注意点：这里需要约定前后端使用md5 hash值作为文件名，存储在服务端静态文件系统。这样最简单。

ini 复制代码

function splitFile(file: File, fileName: string, skips: string[]) {
    const fileSize = file.size
    const tasks = [];
    const chunks = Math.ceil(fileSize / CHUNK_SIZE);
    for (let i = 0; i < chunks; i++) {
        const partName = fileName + SLICE_SUFFIX + (i + 1) // 序号从1开始
        if (skips.includes(partName)) {
            continue
        }
        const start = i * CHUNK_SIZE;
        const end = ((start + CHUNK_SIZE) >= fileSize) ? file.size : start + CHUNK_SIZE;
        const chunk = file.slice(start, end);
        tasks.push({
            chunk,
            filename: partName,
            url: '', // 上传地址
        });
    }
    return tasks
}

二、使用minio代替服务器静态文件存储

涉及minio-js sdk的这几个函数：

presignedPutObject：上传切片
listObjects：查询已经存在的切片
composeObject：合并切片
statObject：检查文件是否存在

详细api 参数参考官网：min.io/docs/minio/...

三、鉴权API

文件名是使用文件内容的md5 hash。

场景：同样一份文件，由不同用户上传，后面上传的用户是秒传的。

关于大文件上传的一个界面如下：

（1）前端业务组件提供upload 组件

（2）提供nest-minio docker服务api支持（无登录用户鉴权), 这里有两层服务，一层是node.js 服务，一层是minio文件存储服务。
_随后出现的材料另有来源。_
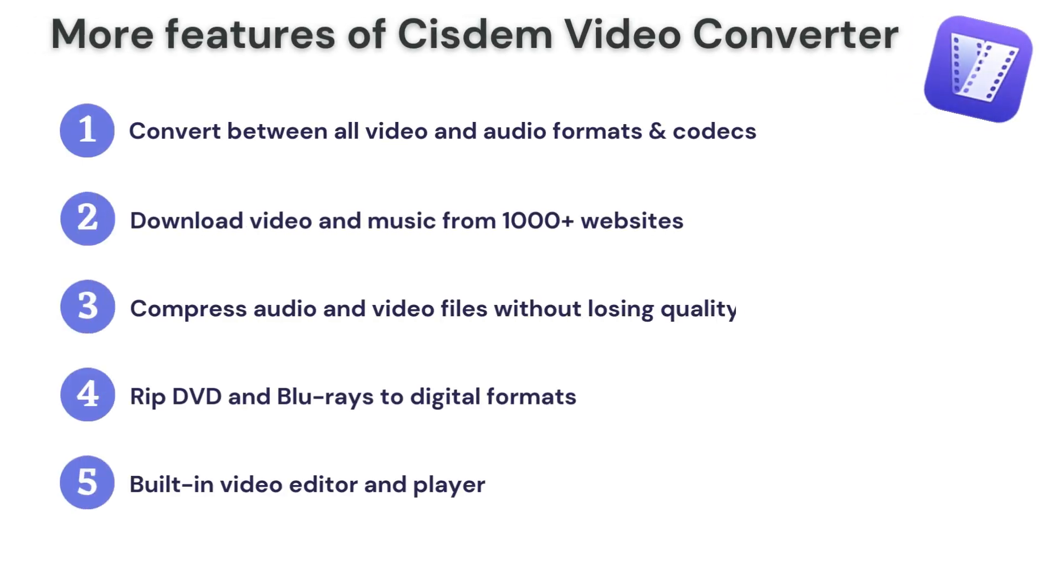More than a WAV converter, System Video Converter offers various useful functions you may need, such as Video Downloader, Compressor, DVD and Blu-ray Ripper, etc. Download it now with the link in the description.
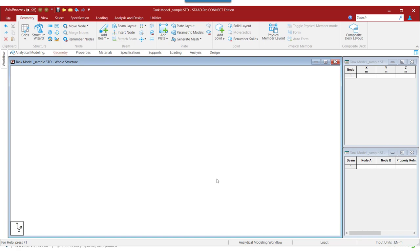Once we have created the model, there are several ways in which we can create a water tank model. But in this exercise, we are going to use the parametric model generator for creating the water tank model. In order to create the parametric surfaces, we need to select the nodes in a particular sequence.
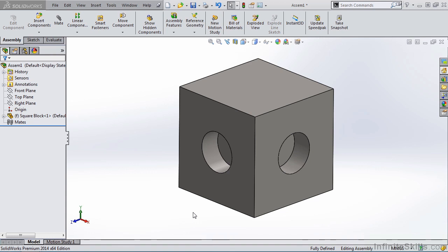In this lesson, we are going to learn how to use SmartMates. SmartMates will greatly increase the speed in which you build your assemblies. But before we learn how to do SmartMates, we need to talk about the models we have on the screen.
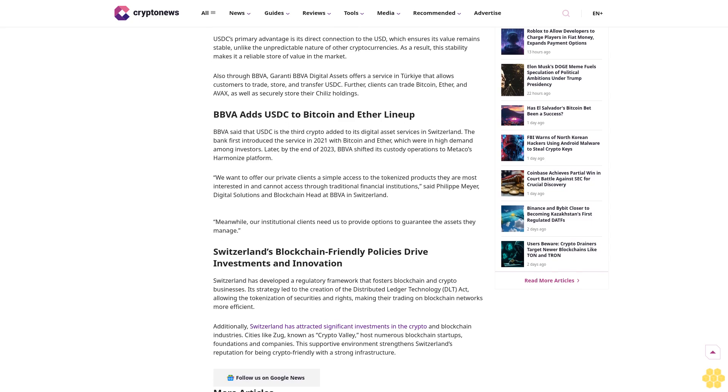Additionally, Switzerland has attracted significant investments in the crypto and blockchain industries. Cities like Zug, known as Crypto Valley, host numerous blockchain startups, foundations, and companies. This supportive environment strengthens Switzerland's reputation for being crypto-friendly with a strong infrastructure.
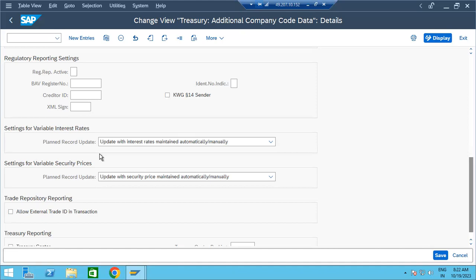There are two methods: the rate can be maintained in a table and automatically updated, or we can update it manually by entering it. For that purpose, this is the variable interest settings — update with interest rates maintained automatically and manually. If we choose only automatically, we cannot do it manually, and vice versa. So we select both options — same applies for security prices — giving the end user an option to choose automatic or manual. This is the first step.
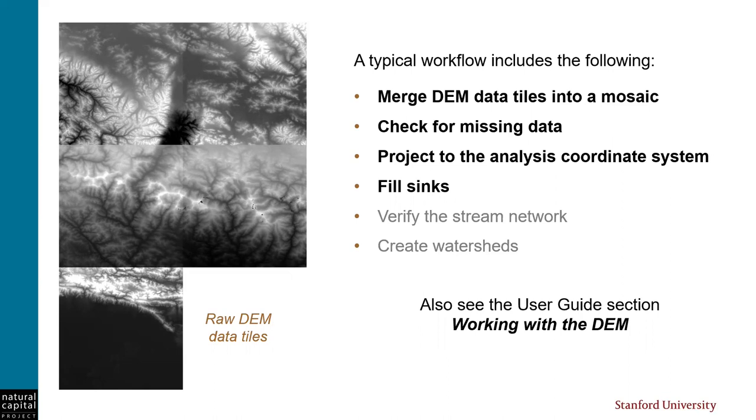Along with this video, the InVEST User Guide has a section called Working with the DEM, which provides an overview of the different steps involved, as well as the methods and GIS tools that can be used. A link to that User Guide chapter is included in this video's webpage. All right, let's go to a GIS session and work through some of these steps.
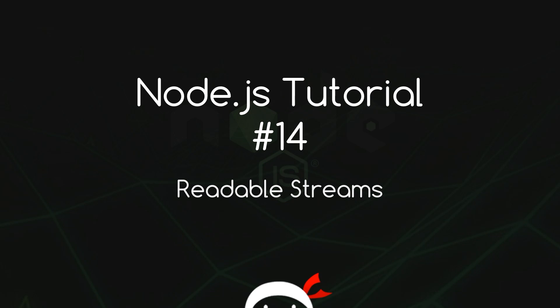Yo what's happening guys, welcome to your 14th Node.js tutorial. In this video I'm going to talk about readable streams.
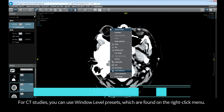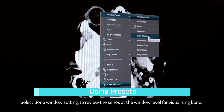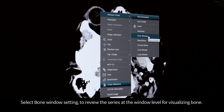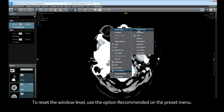For CT studies, you can use window level presets which are found on the right-click menu. Select the bone window setting to review the series at the window level for visualizing bone. To reset the window level, use the option recommended on the preset menu.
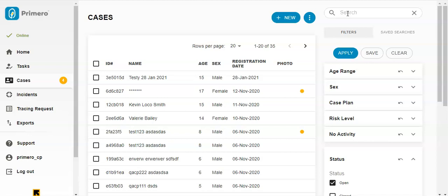You will be able to search for and view limited information about records managed by other users. When users with this ability perform a search and arrive at the search results page, they may see cases for which they don't have full access.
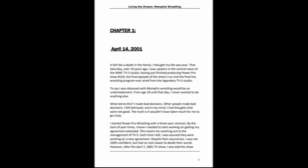I started Power Pro Wrestling with a three-year contract. By the start of year three, I knew I needed to start working on getting my agreement extended. This meant me reaching out to the management of TV5. Each time I did, I was assured they were working on a new agreement. Despite their assurances, I was not 100% confident but had no real reason to doubt their words. However, after the April 7th, 2001 TV show, I was told the show would not be renewed and our last show would be April 14th, the very next week.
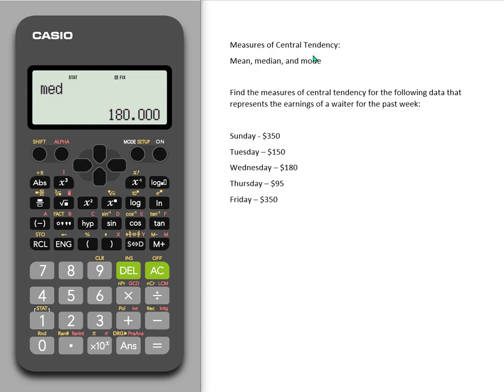Again, you can't find mode using this calculator, so you just need to find the mode by looking at your data. Thank you.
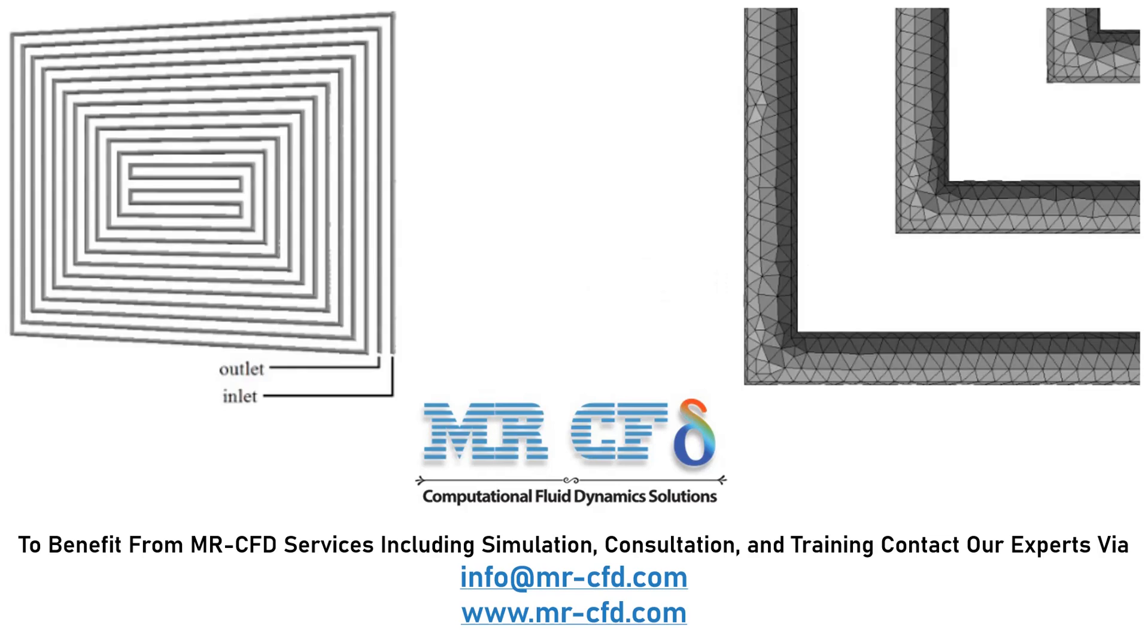The geometry is designed in ANSYS Design Modeler and is meshed in ANSYS Meshing. The meshes used for this geometry are unstructured.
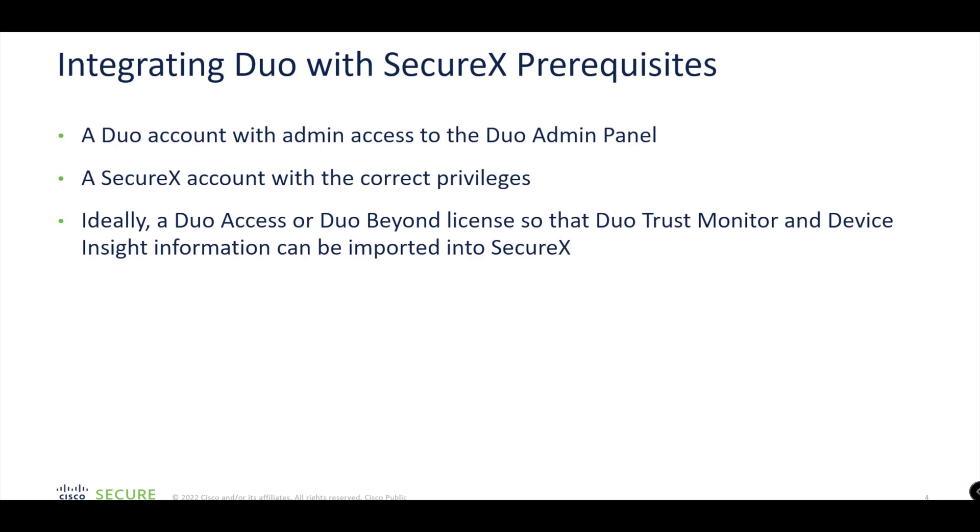We have some prerequisites here on what's required to integrate Duo with SecureX. The obvious is that we need to make sure that we have a Duo account with admin access to the Duo Admin Panel, and that's going to allow us to create or form that integration with SecureX. Again, a SecureX account with the correct privileges so that you can configure the SecureX side.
但是各个平台的鉴权是不一样的，有的使用cookie，有的使用token。。

所以需要将nest-minio docker服务提供给后端，让后端集成登录鉴权和nest-minio，比如使用docker-compose容器编排，将这些服务和服务依赖管理起来。

后端标准化auth微服务后，可以将这一套服务容器编排，无成本地部署起来。

This content is only supported in a Feishu Docs

其中，大文件md5 hash计算比较耗时，使用web worker线程去计算。

四、场景局限性

以上的两个方案在什么场景下不能使用呢？

数据持久化更丰富的场景：比如需要记录用户与他上传的文件之间的关系，增加文件元信息之外的记录时候，则不能直接使用。

可考虑方案：需要基于代码仓库，fork仓库，增加MySQL 持久化数据库，这样的架构才能支持。